- Born: May 3, 1921 Porto Torres, Italy
- Died: September 28, 2005 (aged 84) Sassari, Italy

= Fiorenzo Serra =

Italian film director

Fiorenzo Serra (3 May 1921 in Porto Torres – 28 September 2005 in Sassari) was an Italian film director and documentarist.

He produced 66 movies and documentaries, mainly based on Sardinia's ethnographic, social and cultural themes.

He won the Agis Prize for the documentary L'Ultimo Pugno di Terra in 1966, realised together the novelist Giuseppe Dessì and the future Italian minister Giuseppe Pisanu, with the supervision of the screenwriter Cesare Zavattini.

==Bibliography==
- AA.VV., L'ultimo pugno di terra. Il film di Fiorenzo Serra sulla Rinascita, Filmpraxis - Quaderni della Cineteca Sarda n. 6, ed.
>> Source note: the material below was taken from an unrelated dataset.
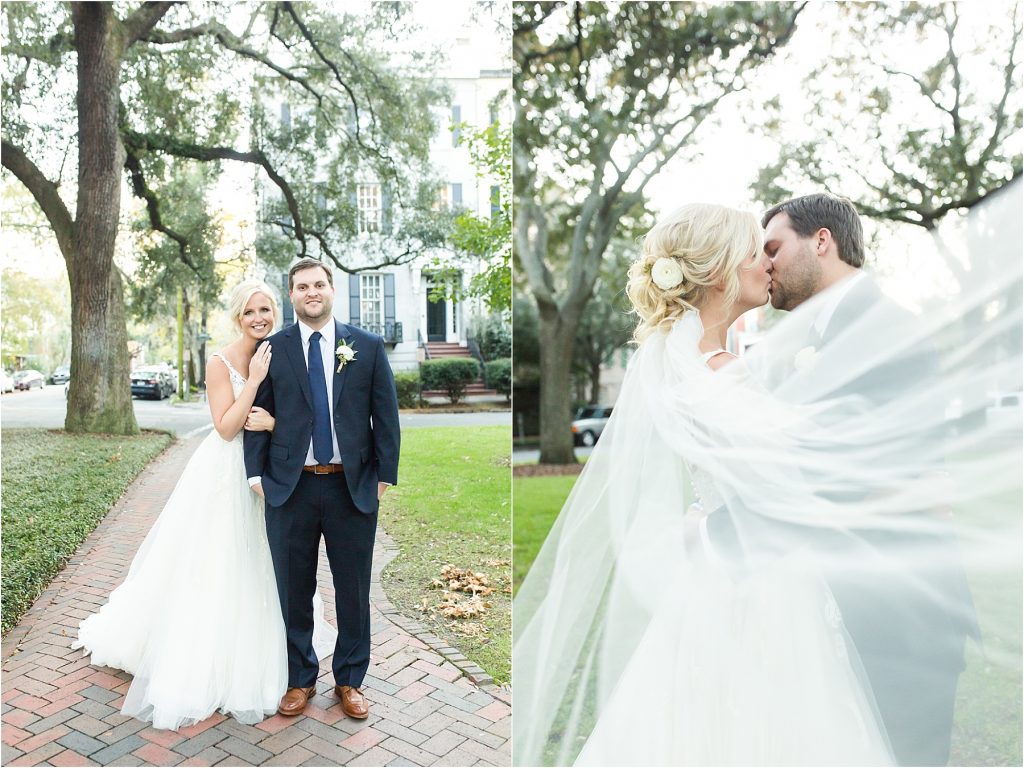 Soho South Cafe bride and groom portraits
Maestrale, Nuoro, 2014.ISBN 978-88-6429-155-0
- Giulio Angioni, Manlio Brigaglia et Alii, Fiorenzo Serra: la mia terra è un'isola, Nuoro, Ilisso, 2010

==Legacy==
The "Fiorenzo Serra" Visual Anthropology Laboratory of the Società Umanitaria-Cineteca Sarda, with the collaboration of the History Department of University of Sassari, annually organises Fiorenzo Serra Film Festival.